The survey selects a representative sample of the US population, by age and demographics. The survey questions gather data about respondents’ demographics, socioeconomic cicumstances, diet, and health.

Grandner describes what they found:

“Overall, people who sleep 7 – 8 hours each night differ in terms of their diet, compared to people who sleep less or more. We also found that short and long sleep are associated with lower food variety.”

For their analysis, the team used data from the 2007-2008 NHANES, and focused on responses to questions about sleep and diet. They put the respondents into groups, depending on how much sleep they said they were getting each night.
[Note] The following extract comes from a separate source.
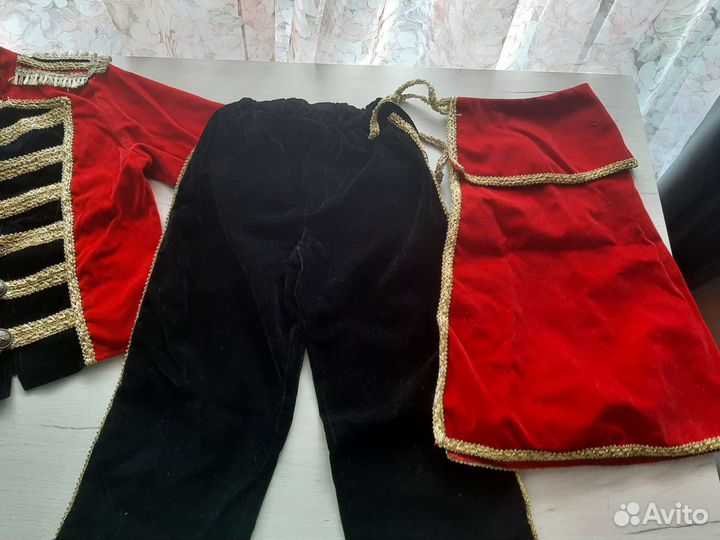 Костюм карнавальный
The groups were: very short sleep (less than 5 hours a night), short sleep (5 to 6 hours a night) standard or normal sleep (7 to 8 hours a night), and long sleep (9 hours or more a night).

The NHANES data contains detailed information about respondents’ daily diet, gathered in interviews with specially trained staff. This includes, for example, details about occasional glasses of water to comprehensive accounts of every part of each meal, allowing the researchers to calculate the nutrient and calorie intake of each of the sleep duration groups.

Grandner and colleagues found that calorie intake varied across the groups, with short sleepers consuming the most calories, followed by normal sleepers, followed by very short sleepers, followed by long sleepers.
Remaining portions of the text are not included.